How advertising giant Dentsu’s using RPA to “elevate our people’s potential and enable them to do the creative, strategic, and high value work that provides value to clients”
London -based Dentsu International is a global advertising and public relations leader, offering best-in-class services and solutions in media, customer experience management, and creative, it operates in over 145 markets worldwide and has over 45,000 dedicated specialists on staff.
In 2017, the firm found itself facing a specific business problem: junior/mid-level employees were struggling with workload by taking on high volume, low-value tasks which were business critical but highly manual and repetitive. These tasks, its Chief Technology Officer, Shiva Vannavada, told RockingRobots, were mostly focused on amedia bill pay business process that relied on legacy third party applications.
“The output from these processes had a high margin of error; not because people were not doing their work, but because people are not meant to be manual transcribing over 3,000 invoices from an Excel file to an antiquated user interface each week,” he notes.
“A 95% reduction in manual effort, happier employees, and dramatically fewer errors”
Dentu’s managers decided to step in and end the tedium and the burnout, and implemented a number of RPA proofs of concept to, in his words, “Elevate our people’s potential and enable them to do the creative, strategic, and high value work that excites them and provides value to our clients.”
Eventually, UiPath was chosen as the ideal partner for achieving this, as Dentsu felt it offered a holistic automation platform of which RPA is a key product/component.
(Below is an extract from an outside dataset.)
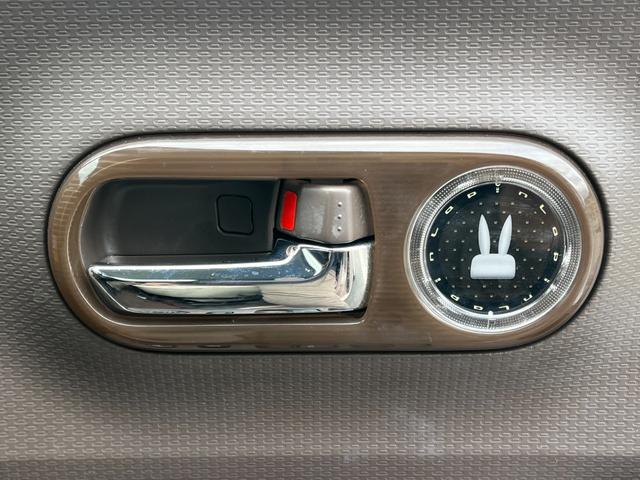 アルトラパンショコラ Ｇ　禁煙車　社外ナビ（ワンセグ／ＡＭ／ＦＭ／ＵＳＢ／ＢＴ）　バックカメラ　純正マット　プッシュスタート　スマートキー　オートライト　アイドリングストップ　革巻きハンドル　バイザー（35枚目）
The company believes it has now developed a “very strong” automation capability for its industry, and will continue to work so that the company can experience the benefits that come with a digital workforce.
How this journey started: Vannavada stresses that the idea was not to automate any bad processes, but to use the introduction of robots to fix things. For example, his team identified an issue where suppliers/publishers were submitting invoices for different amounts than had been expected, but instead of just wrapping RPA on top of the reconciliation process, the issue was traced upstream from the back office to the mid-office where it seemed team members were not always clear on the right calculations to perform when actualising spends.
“We solved this by using RPA to proactively pull data from various sources and run the transformation/calculations based on our supplier terms and conditions, then notify the suppliers what we were expecting to be invoiced weeks prior to them even generating the invoice,” he states. “As a result, in this one process we have seen up to a 95% reduction in manual effort, happier employees, and dramatically fewer errors.”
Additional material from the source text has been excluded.